Pensate di essere un uomo inversamente tricotico, con una gran sicurezza di se, della propria squadra e del bel giuoco che essa propone.
«Oh, dai dai. Quest’anno facciamo la festa scudetto ganza come all’estero… vuoi mettere che spettacolo a San Siro?»
Torino, ieri.
 
 
Dicono mezzo milione di tifosi in giro per le strade di Torino a seguire il bus in stile cityrama a festeggiare per le piazze. Atro che le festicciole sobrie degli altri anni….
Se fosse stato a Roma era una cosa da far vedere in mondovisione e da confrontare con le folle a San Pietro qualche mese prima. Diversità. Ieri erano anche i 20 anni dalla tragedia dell’Heysel. Non si dimentica, mai.
 
Pensate a un ciclista, che si allena mesi e mesi se non addirittura anni per trovare i giusti equilibri, capire come prendere le traiettorie in discesa, migliorarsi a cronometro, essere competitivi in salita. Quando hai una squadra a tuo servizio e un giovane campione ex vincitore della corsa rosa al tuo servizio perchè in stagione no non dovresti lamentarti… Anche perchè prima della partenza i favoriti eravate tu e lui, e tu già piangevi dicendo che se la squadra non fosse stata al tuo servizio l’anno prossimo non saresti più stato con loro.
Milano, ieri.
 
Lo sport a volte è meravigliosamente crudele.

Everybody sing a song… Dudek, Dudek.

 La polonia dei santi da esportazione. Scappa fuori uno che per secoli era una mezzasega, la sera della finale di Champions azzecca la partita della vita.
E così il portierone operaio, della squadra dalle maglie rosse, il polacco Dudek porta il Liverpool alla conquista della coppa dalle grandi orecchie.
 
Come con il Deportivo il Milan ha voluto vendicarci….
 
Dudek che para ballando la ballalaika (contro le case mutilate dalla faida…).
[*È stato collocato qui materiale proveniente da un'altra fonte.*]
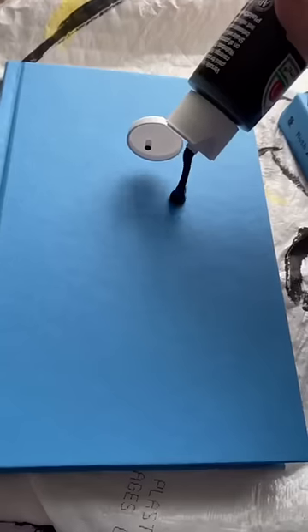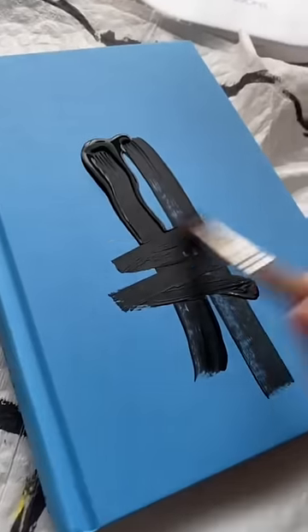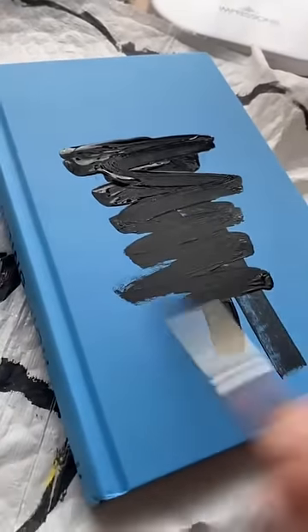Next, we are going to paint them black. I feel bad for painting over this woman's book. Really, I do. If you are seeing this, I am so sorry.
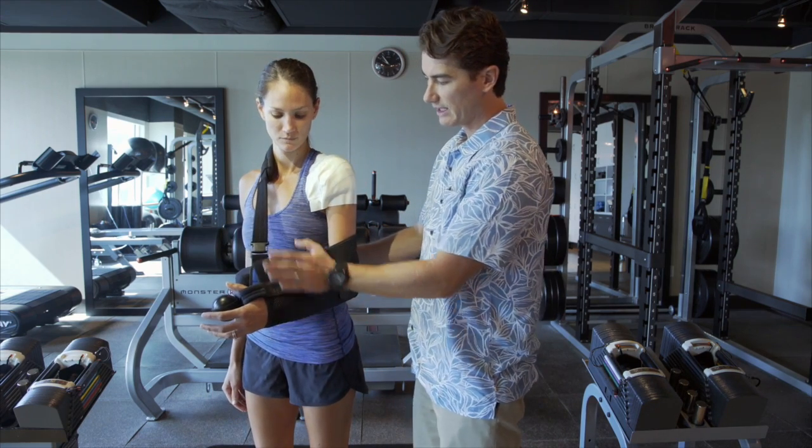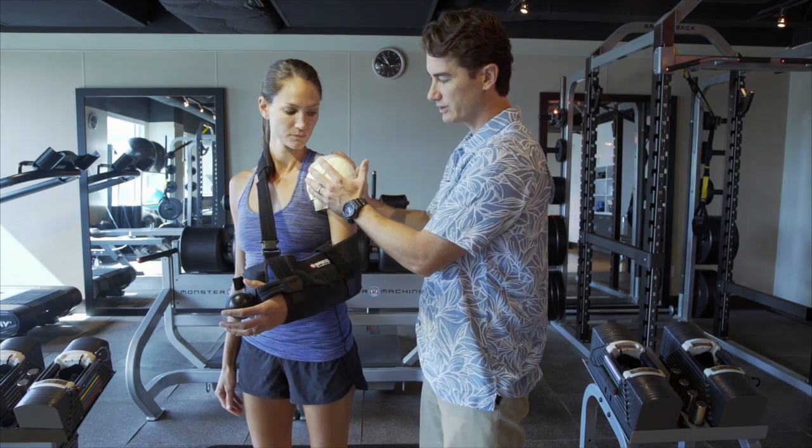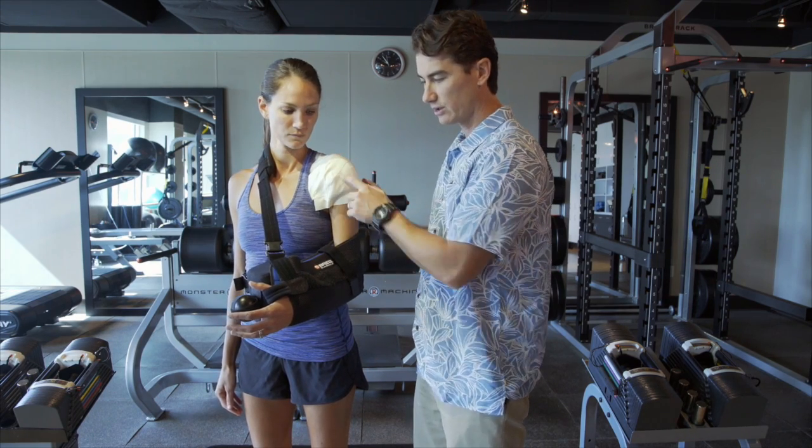What I'm going to go over right now is how to adjust this brace, how to take it on and off, as well as what to do with your dressings after surgery.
Dida che si ricorda di essere un portiere brasiliano, il Milan che va a datteri per sei minuti…. Una partita monumentale di Gerrard.
 
Mi sembra un po’ come quando il Real era dei galacticos. A gennaio il Milan Lab era l’ottava meraviglia del mondo. Ora non si appellino alla sfortuna, alle pippe, ai balletti, alle fonti di giuoco non marcate, al calcio spettacolo, all’umidità relativa.
 
[Non mi rosicate nei commenti. Stef, su su, condoglianze…]
 
 
[Nella foto: un Dudek che vaga per il campo cercando la birra da mettere nel bicchierino che porta in mano…]

Voices.

[incredibile, se accendete la tv adesso su raitre trovate Montano in pedana… con la sciabola… oh, non è un doppiosenso.]
 
Ci sono voci tendenziose provenienti da Milano secondo le quali la Juventus avrebbe vinto uno scudetto sebbene ieri non abbia giocato alcuna partita.
Diciamolo, è stata una conquista dolorosa. Gente in poltrona a vedere il Palermo…. Oh, poi i festeggiamenti. Fare i torpedoni con se stessi e la dinamo della propria bici. Sì, son cose che fanno male.
E intanto, sebbene per la maggior parte dei tifosi Juventini (rompicazzi per definizione. "La Juve vince? Sì, ma quello Zambrotta lì se corresse meno… Del Piero è uno scroccaingaggi… quell’Ibrahimovic lì non sembra neppure un giocatore di calcio, Trezeguet si ammala apposta, Zalayeta lo metterei in cucina a fare la carbonara e Olivera secondo me porta sfiga.") sei mesi fa eravamo una squadra come una fiat croma dell’89 (ossia da rottamare) si è vinto.
Certo che si dovrebbe avere per gli anni prossimi una rosa un po’ più farcita e cambiare preparazione: non si spiega la caporetto a metà stagione con più gente in infermieria che sul campo e con altri, che prestati ad altre squadre, che erano rottami da noi (leggasi il sig. Tudor) riescono a fare tutte le restanti partite della stagione.
Comunque questo scudetto, uscito un po’ così, è sicuramente il contrappasso per quello che abbiamo vissuto il Cinque Maggio. Io sogno ancora un pomeriggio in quel modo… siamo viziati, sì.
 
Oggi, al telefono, ho detto che il Milan ha perso lo scudetto come in fin dei conti Basso poteva perdere il Giro.
Eccolo…
Basso prende una congestione [Diosanto, neanche i bambini piccoli… a dei ciclisti professionisti devi dire: «Amore della mamma, quando bevi l’acquetta scaldala prima in bocca, che sennò dopo hai la bua al pancino…». Cazzo, è come i calciatori che prendono l’influenza… ma vaccinarli dopo che li paghi millemila euro l’anno?] e quindi si pianta, limitando i danni.
Il compaesano di John, Caucchioli, in grande spolvero nella prima fuga dopo parecchio tempo. Ma la cosa meravigliosa è vedere quel Savoldelli, quel Falco di Clusone che tre anni fa fiondandosi nelle discese vinse il giro, salire in quel modo è stato uno spettacolo.
 
E nell’orgia sportiva del week-end figura anche uno dei più affascinanti GP della stagione, quello al principato di Monaco, e la cima Coppi di domani. Ah, dite che gioca la Juve?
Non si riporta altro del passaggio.